I don't think it's a coincidence that my child, from the first years of her life, loved language, words, and books. All of her life she has been reading and writing and working with words.

That love of language continues as my daughter now reads to her own unborn child. Members of her book club gave her copies of their favorite children's books, and she and her husband take turns sharing those books with their son - even though he can't see the pictures yet.

But he can certainly hear the words. Experts tell us that even in utero, humans begin to learn language. They learn to distinguish different sounds and different voices.

Research shows that babies learn all the sounds of their native language by their first birthday. Reading to babies - before and after birth - encourages the development of language skills, attention span, memory, vocabulary, imagination, social skills and more. Children whose parents read to them have larger vocabularies, better speaking ability, and more reading readiness skills than other children.

Dr. Seuss, who would have been 108 years old on March 2, was interested in the research on babies' language development. In fact, Seuss's popular "The Cat in the Hat" was used in a study of parents reading to their unborn children. The researchers found that babies appeared to respond to their parents' reading and became more active than usual during the reading, settling down after the reading stopped. When they had the same reaction to the story after birth, the researchers concluded that the babies actually remembered hearing the story.

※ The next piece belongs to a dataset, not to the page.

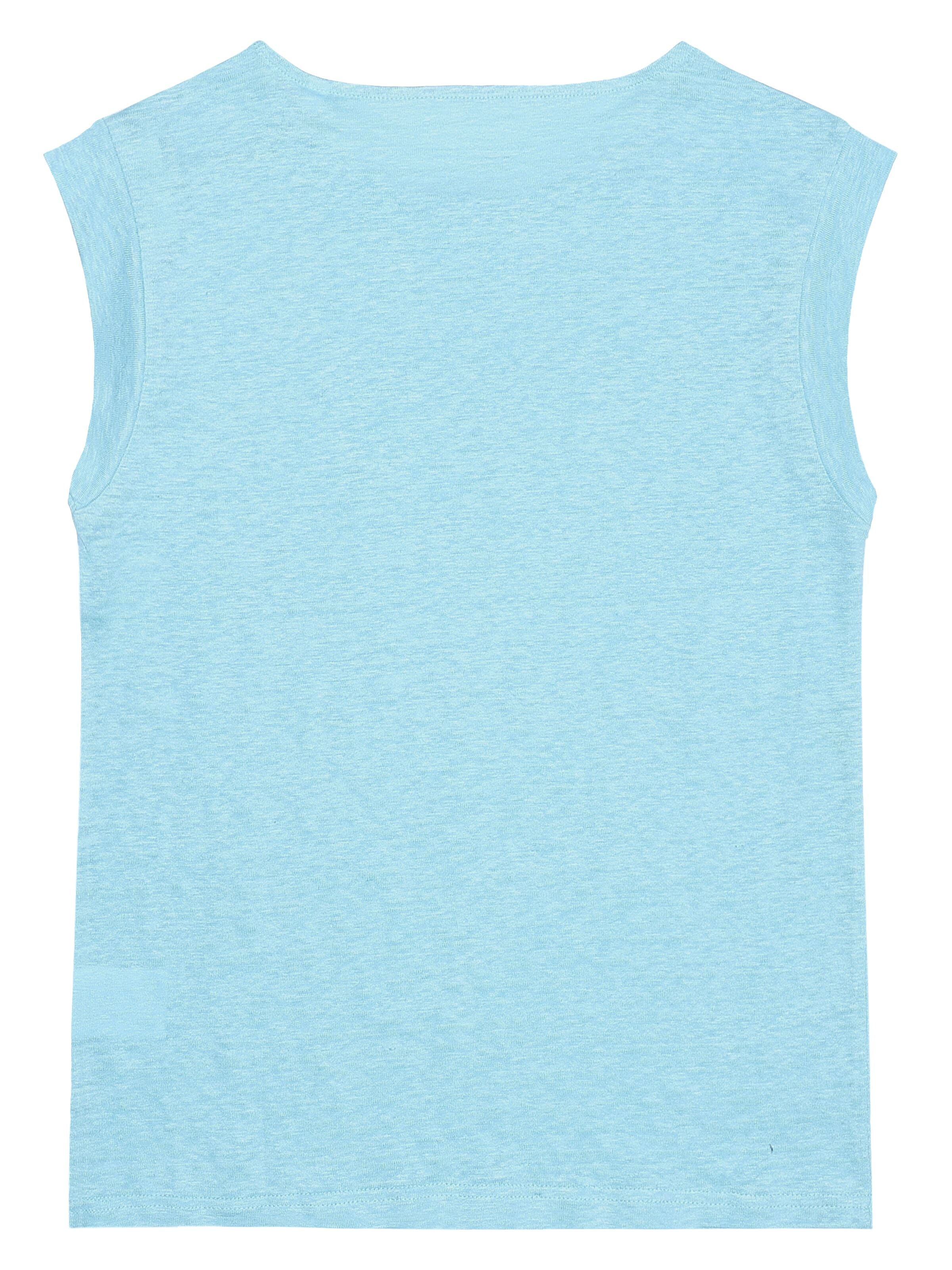 T-Shirt LOOSE FOLD UP aus Bio-Leinen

There's even an adaptation of Seuss's "Oh, the Places You'll Go!" written to be read to babies in utero (it's titled "Oh Baby, the Places You'll Go! A Book to be Read in Utero" by Tish Rabe). The following lines are from the first and last pages:

"Baby, oh, baby,

the places you'll go!

The worlds you will visit!

The friends you will know!

"It's a scrumptulous world

and it's ready to greet you,

And as for myself ...

well ...

I can't wait to meet you!"

The benefits of reading aloud to children were celebrated just a few days ago on World Read Aloud Day on March 7. Sponsored by LitWorld, a nonprofit international advocate for literacy, World Read Aloud Day unites teachers and parents around the globe as they support young, developing readers.

"World Read Aloud Day embraces the power of words to bring people together, and I witness this power firsthand when my students gather for our daily read aloud," writes middle school teacher and blogger Donalyn Miller.

In her Education Week: Teacher blog, Miller discusses how reading aloud develops classroom community, exposes students to books they might not discover on their own, and helps inexperienced readers develop stronger skills.

"My students are a reading community," notes Miller. "While reading together, we laugh and cry together, comrades on the same journey."

Further, students comprehend more what they hear than what they read, so reading aloud exposes them to more complex literature than they could read on their own.

"Reading aloud reminds children why they love reading," Miller claims. "Sitting on your lap, encircled by love and warmth, these are our children's first reading memories."

I remember all the warm, snuggly experiences of reading to my girls. No matter what else happened, each day we could always count on those shared moments of reading.

"For students who lack positive reading experiences, read alouds are a marvelous way to introduce them to reading for pleasure," Miller concludes.

I can't wait to share the pleasure of reading with my new grandson.

Linda Shalaway, author of "Learning to Teach ... Not Just for Beginners" (Scholastic, 2005), teaches at Cameron High School.